▶ [Problem]: Quote exactly and only this range of lines in the data below: the line that holds "Foto principal - 310 S Avenue D" to the line that holds "２シリーズ ２２５ｉ　ｘＤｒ", both included.

▶ [Data for review]:
....

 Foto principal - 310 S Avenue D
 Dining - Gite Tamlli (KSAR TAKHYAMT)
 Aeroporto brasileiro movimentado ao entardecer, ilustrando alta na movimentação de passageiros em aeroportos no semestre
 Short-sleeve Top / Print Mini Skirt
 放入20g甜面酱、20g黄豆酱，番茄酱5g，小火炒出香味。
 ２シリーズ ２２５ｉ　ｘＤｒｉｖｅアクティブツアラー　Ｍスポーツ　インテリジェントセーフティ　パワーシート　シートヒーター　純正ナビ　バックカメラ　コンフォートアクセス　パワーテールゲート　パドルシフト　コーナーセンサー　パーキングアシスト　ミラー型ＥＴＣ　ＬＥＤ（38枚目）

....

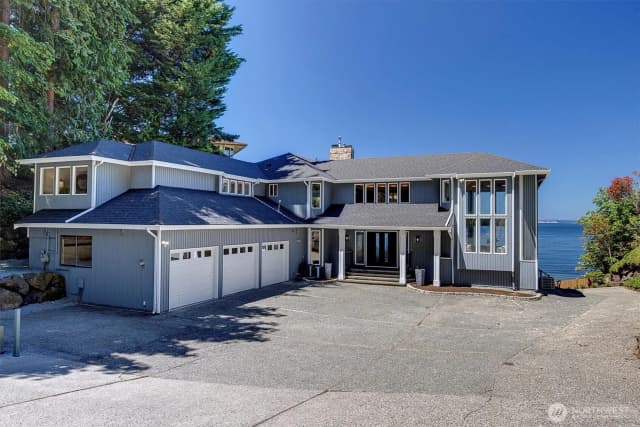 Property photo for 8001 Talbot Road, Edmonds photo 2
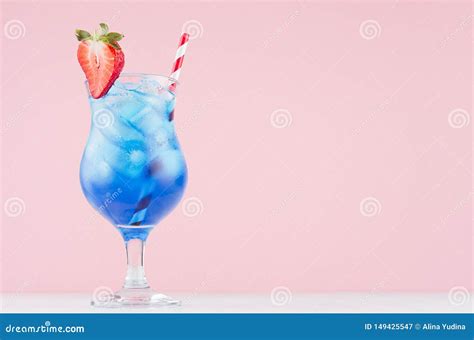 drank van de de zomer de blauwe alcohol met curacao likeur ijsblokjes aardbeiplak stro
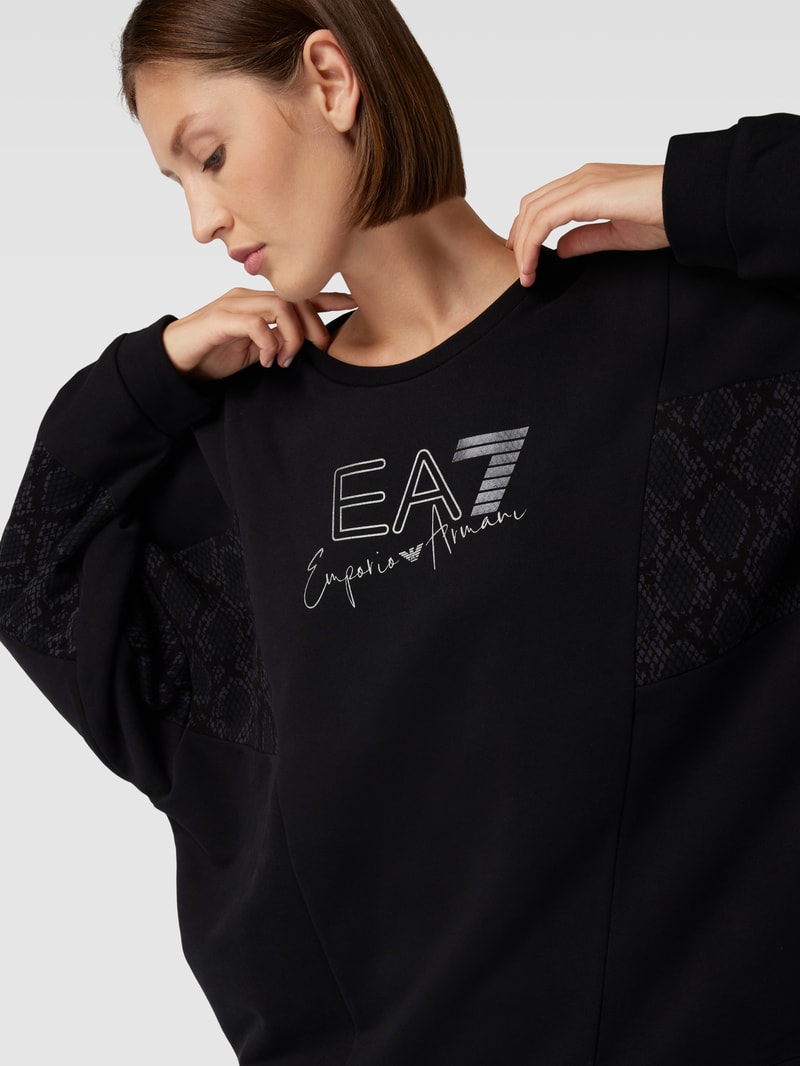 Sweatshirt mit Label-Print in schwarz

....

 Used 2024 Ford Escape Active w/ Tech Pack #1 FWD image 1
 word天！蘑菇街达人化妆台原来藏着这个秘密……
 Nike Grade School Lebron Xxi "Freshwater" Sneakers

....

▶ [Answer box]:
 Foto principal - 310 S Avenue D
 Dining - Gite Tamlli (KSAR TAKHYAMT)
 Aeroporto brasileiro movimentado ao entardecer, ilustrando alta na movimentação de passageiros em aeroportos no semestre
 Short-sleeve Top / Print Mini Skirt
 放入20g甜面酱、20g黄豆酱，番茄酱5g，小火炒出香味。
 ２シリーズ ２２５ｉ　ｘＤｒｉｖｅアクティブツアラー　Ｍスポーツ　インテリジェントセーフティ　パワーシート　シートヒーター　純正ナビ　バックカメラ　コンフォートアクセス　パワーテールゲート　パドルシフト　コーナーセンサー　パーキングアシスト　ミラー型ＥＴＣ　ＬＥＤ（38枚目）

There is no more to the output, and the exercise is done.